Revenue was up 8.5% year over year in the fourth quarter. The company's diversified markets (mostly medical, aerospace & defense and industrial) rose 16% and accounted for an estimated 59% of 4Q:25 revenue. Transportation sales, estimated at 41% of revenue, were down 1%.
Relative to our expectations, better volume and a lower tax rate and share count aided EPS.
The company issued 2026 guidance, putting revenue at $550-$580 million (midpoint up 4% year over year) and EPS of $2.30-$2.45.
We modestly increase our EPS estimates to $2.41 (from $2.40) in 2026 and $2.71 (from $2.60) in 2027.
We think CTS's diversification efforts into more profitable end markets has enabled the company to better endure slower trends in the vehicle market.
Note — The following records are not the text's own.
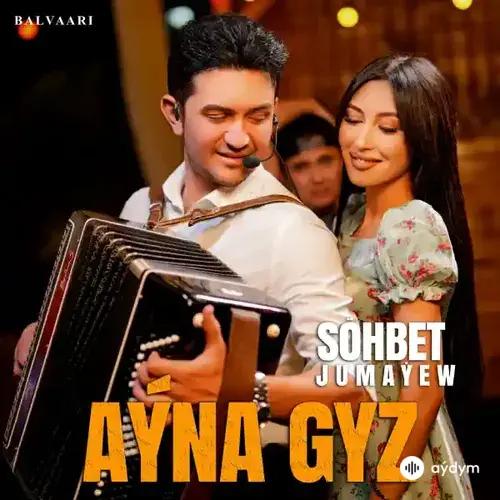 Söhbet Jumaýew - Aýna Gyz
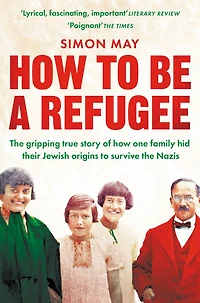 how to Be a Refugee: the gripping true story of one family hid their Jewish origins survive Nazis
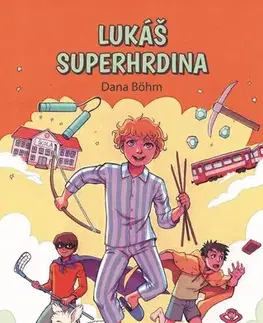 Fantasy, upíri Lukáš superhrdina - Dana Böhm,Ester Kuchynková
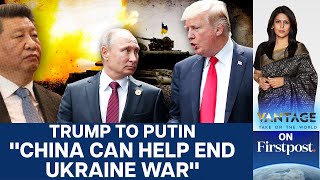 Trump Wants China to Help End RussiaUkraine War  Vantage with Palki Sharma [upl. by Naillil]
Despite an active M&A profile, the company has a disciplined capital allocation strategy. At the end of 4Q:25, the company had a net cash position of $24.8 million ($0.85 per share). We look for free cash flow (FCF) of $88.1 million ($2.99 per share) in 2026, allowing net cash to widen to $108.1 million $3.70 per share).
Our higher profit outlook takes our price target to $54 (from $52), which is based on a constant 20x our upwardly revised 2027 EPS estimate of $2.71 (was $2.60).
We maintain CTS's moderate risk rating, reflecting the company's strong balance sheet and solid cash flow generation.